The Eighth Army is a U.S. field army which commands all United States Army forces in South Korea. It is headquartered at the Camp Humphreys in the Anjeong-ri of Pyeongtaek, South Korea. Eighth Army relocated its headquarters from Yongsan to Camp Humphreys in the summer of 2017. It is the only field army in the U.S. Army. It is responsible to United States Forces Korea and United States Army Pacific.

History

World War II

The unit first activated on 10 June 1944 in the United States, under the command of Lieutenant General Robert Eichelberger. The Eighth Army took part in many of the amphibious landings in the Southwest Pacific Theater of World War II, eventually participating in no less than sixty of them. The first mission of the Eighth Army, in September 1944, was to take over from the U.S. Sixth Army in New Guinea, New Britain, the Admiralty Islands and on Morotai, in order to free up the Sixth Army to engage in the Philippines Campaign (1944–45).

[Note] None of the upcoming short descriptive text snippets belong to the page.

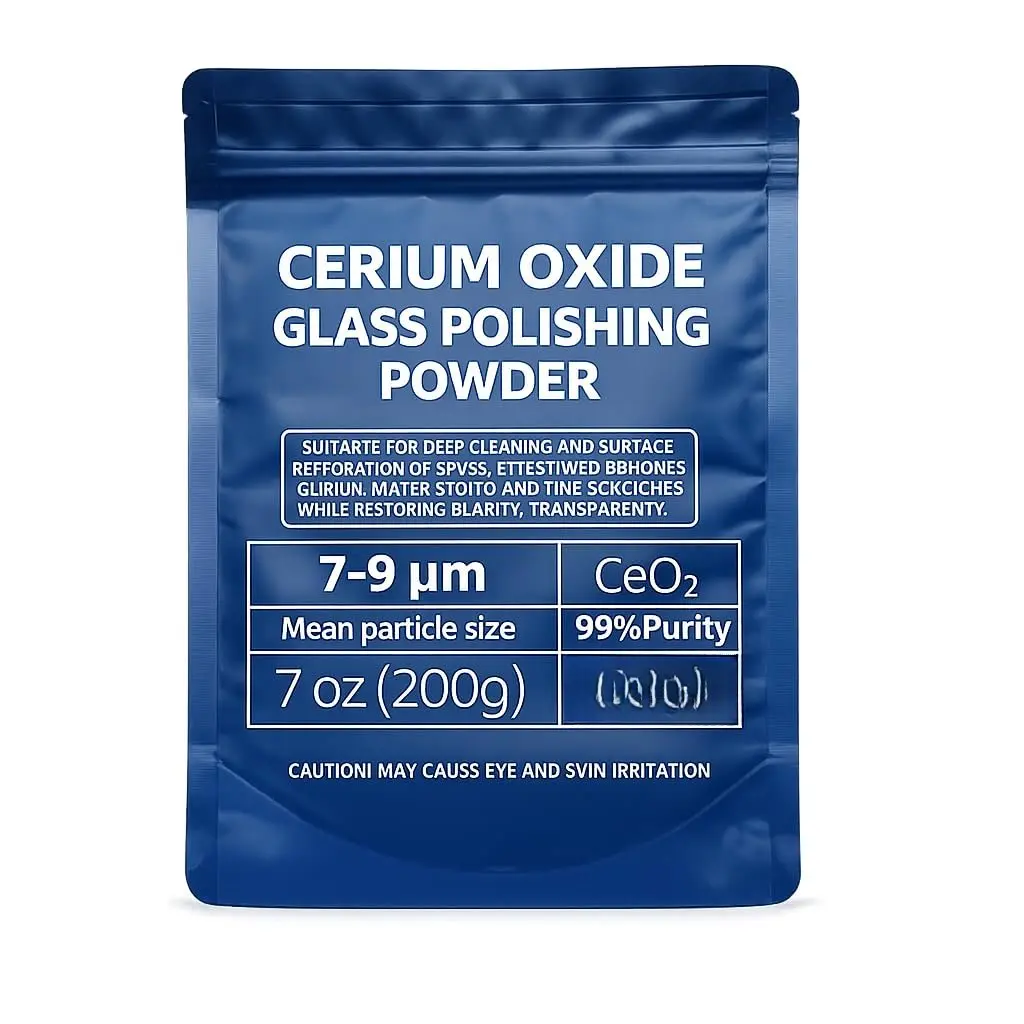 7oz (200g) 99% Cerium Oxide Glass Polishing  (7-9 ) - Removes: Oil Films, Water Spots, Swirl Marks, Wiper Streaks, Removes Fine  & Deep-Cleans Glass Surfaces.
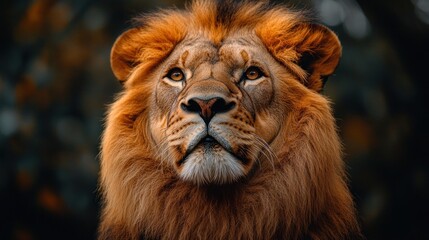 Fototapeta premium Majestic Lion Portrait
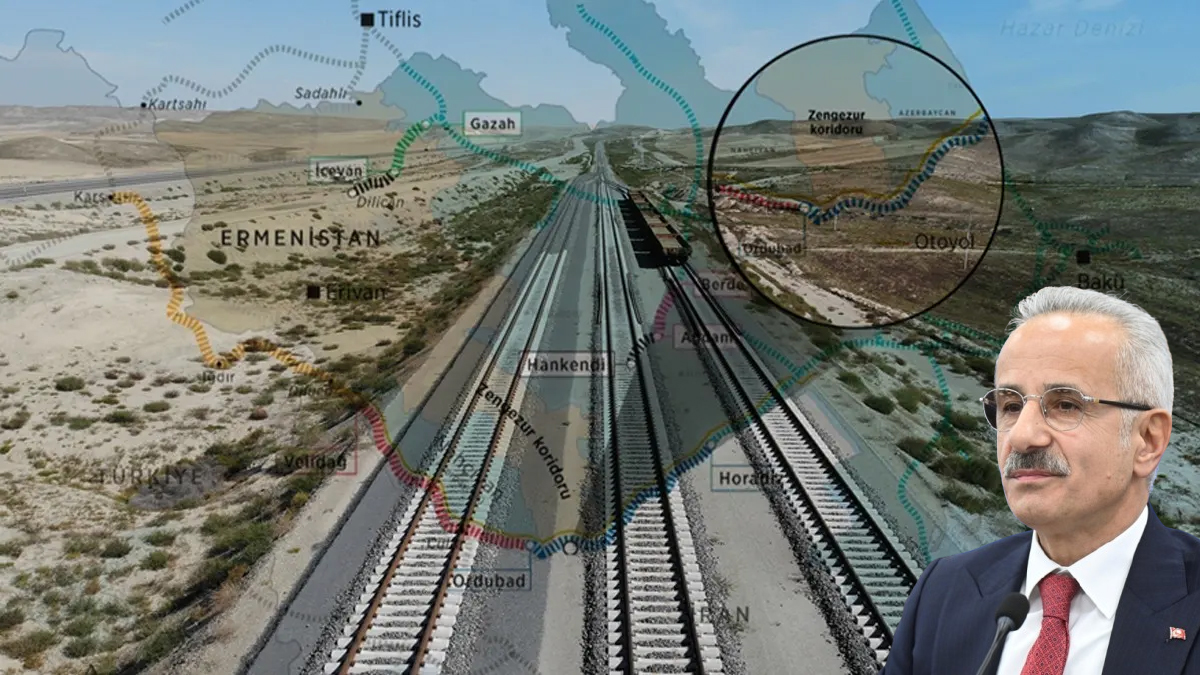 Türkiye'den Zengezur hazırlığı! Bakan Uraloğlu: Kars-Iğdır-Aralık-Dilucu demiryolu hattı projesi başlıyor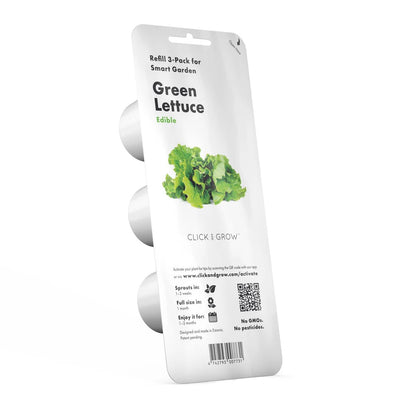 Click & Grow - Smart Garden Refill Green Lettuce - Starter do Uprawy z Nasionami - Sałata Siewna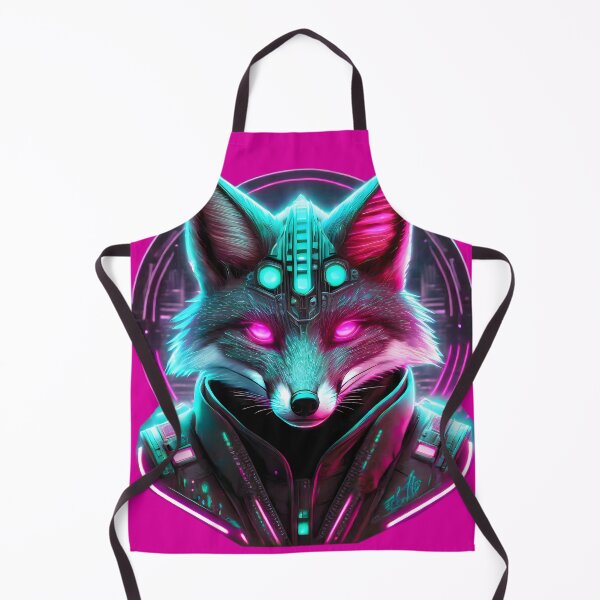 Item preview, Futuristic Cyberpunk fox with hight tech neon glowing designed and sold by emaotx.
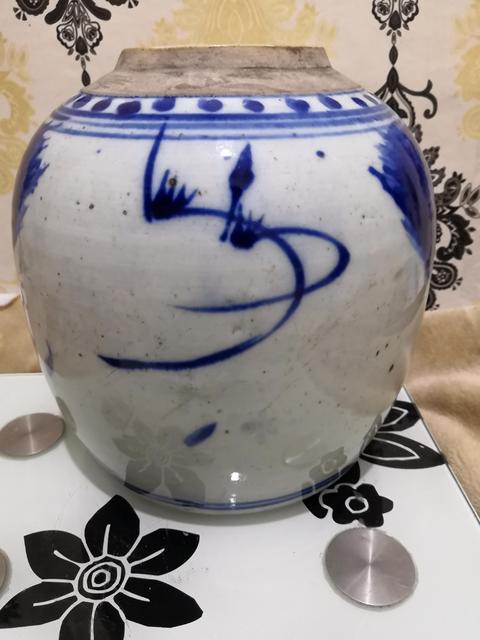 古玩陶瓷青花牡丹花卉紋罐拍賣,當(dāng)前價(jià)格1666元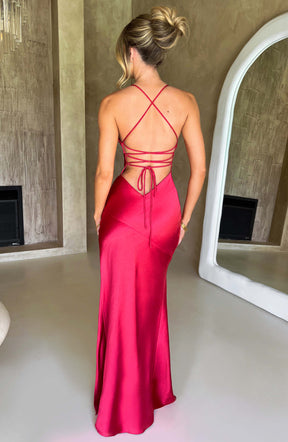 Isobel Maxi Dress - Red Ryvelle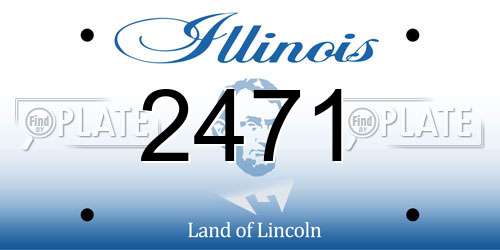 2471 Illinois License Plate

The Eighth Army again followed in the wake of the Sixth Army in December 1944, when it took over control of operations on Leyte Island on 26 December. In January, the Eighth Army entered combat on Luzon, landing the XI Corps on 29 January near San Antonio and the 11th Airborne Division on the other side of Manila Bay two days later. Combining with I Corps and XIV Corps of Sixth Army, the forces of Eighth Army next enveloped Manila in a great double-pincer movement. Eighth Army's final operation of the Pacific War was that of clearing out the southern Philippines of the Japanese Army, including on the major island of Mindanao, an effort that occupied the soldiers of the Eighth Army for the rest of the war.

Occupation of Japan

Eighth Army was to have participated in Operation Downfall, the invasion of Japan. It would have taken part in Operation Coronet, the second phase of the invasion, which would have seen the invasion of the Kantō Plain on eastern Honshū. However, the Japanese surrender cancelled the invasion, and the Eighth Army found itself in charge of occupying it peacefully. Occupation forces landed on 30 August 1945, with its headquarters in Yokohama, then the HQ moved to the Dai-Ichi building in Tokyo. At the beginning of 1946, Eighth Army assumed responsibility for occupying all of Japan. Four quiet years then followed, during which the Eighth Army gradually deteriorated from a combat-ready fighting force into a somewhat soft, minimally-trained constabulary. Lieutenant General Walton H. Walker took command in September 1948, and he tried to re-invigorate the Army's training, with mixed success.

Korean War
At the end of World War II in 1945, Korea was divided into North Korea and South Korea with North Korea (assisted by the Soviet Union), becoming a communist government after 1946, known as the Democratic People's Republic, followed by South Korea becoming the Republic of Korea. China became the communist People's Republic of China in 1949. In 1950, the Soviet Union backed North Korea while the United States backed South Korea, and China allied with the Soviet Union in what was to become the first military action of the Cold War.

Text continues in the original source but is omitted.